CAPE TOWN –Western Cape MEC for Finance and Economic Opportunities David Maynier has written to Minister of Cooperative Governance and Traditional Affairs Dlamini-Zuma with proposed changes to the risk-based approach to international leisure travel.

The tourism sector welcomed the reopening of international borders and ports, however, the risk-adjusted approach banned key source markets from entering the country due to their risk level.

Meanwhile, the current restrictions allow for business travel from high-risk countries upon a negative PCR test, but not for leisure travellers.

ALSO SEE: TRAVELLERS FROM THESE COUNTRIES ARE NOT ALLOWED TO VISIT SA

“There is simply no greater risk for transmission of the Covid-19 virus based on the purpose of travel, yet the negative impact of continuing to limit the entry of leisure travellers to South Africa, especially from our key source markets,” said Maynier.

“The tourism sector is a major contributor to the economy and employment in South Africa.

“In 2019 international tourism contributed R81.2-billion in total foreign direct spend (excluding capital expenditure) in South Africa.

“Leisure travelers from key source markets such as the United Kingdom, United States, Netherlands and France make the most of our favourable exchange rate and have a high spending potential which positively impacts our local economy,” he said.

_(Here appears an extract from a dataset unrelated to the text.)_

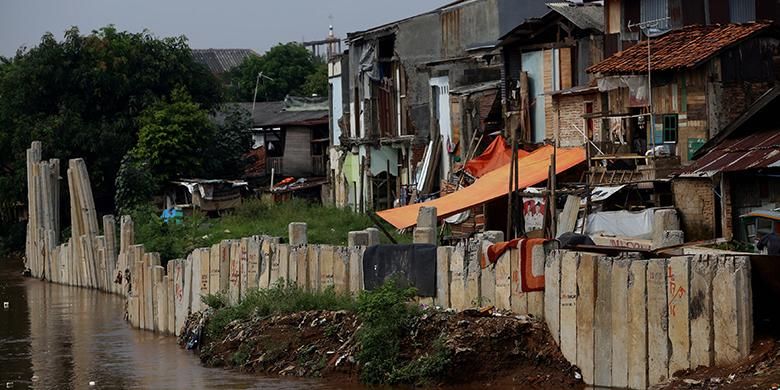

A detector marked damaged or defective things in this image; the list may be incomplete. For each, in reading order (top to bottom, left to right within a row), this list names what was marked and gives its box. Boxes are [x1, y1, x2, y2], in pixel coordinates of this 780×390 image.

ALSO SEE: INTERNATIONAL TRAVEL: WESTERN CAPE TARGETS GERMAN TOURISTS

These are the proposed changes submitted to the national government:

  • Doing away with risk-based country categorisation model;
  • Requiring all travellers to present a PCR test on arrival, conducted at least 72 hours prior to arrival;
  • The PCR test result should not have to be signed by a medical practitioner (In many countries testing is conducted by a lab and results issued electronically);
  • Requiring all travellers to download the Covid-19 alert app and complete the tourist locator form to ensure that details of the trip, including accommodation and length of stay, are captured;
  • Screening all travellers on arrival at the airport by Port Health officials;
  • If a traveler displays any symptoms they will be referred to a dedicated private testing centre at the airport (these will need to be set up), which will be at the travellers own expense. This will prevent the use of public transport to reach testing facilities and therefore will limit the potential spread of the virus;
  • Any travellers who test positive will be required to quarantine at an accommodation venue of their choosing for 10 days and at their own expense;
  • Paperless processes need to be urgently developed for all visa applications and other home affairs processing;
  • Clear and easy to access information needs to be provided on government webpages, which need to be updated regularly;
  • Travellers who visit South Africa for business should be permitted to extend their stay for leisure purposes.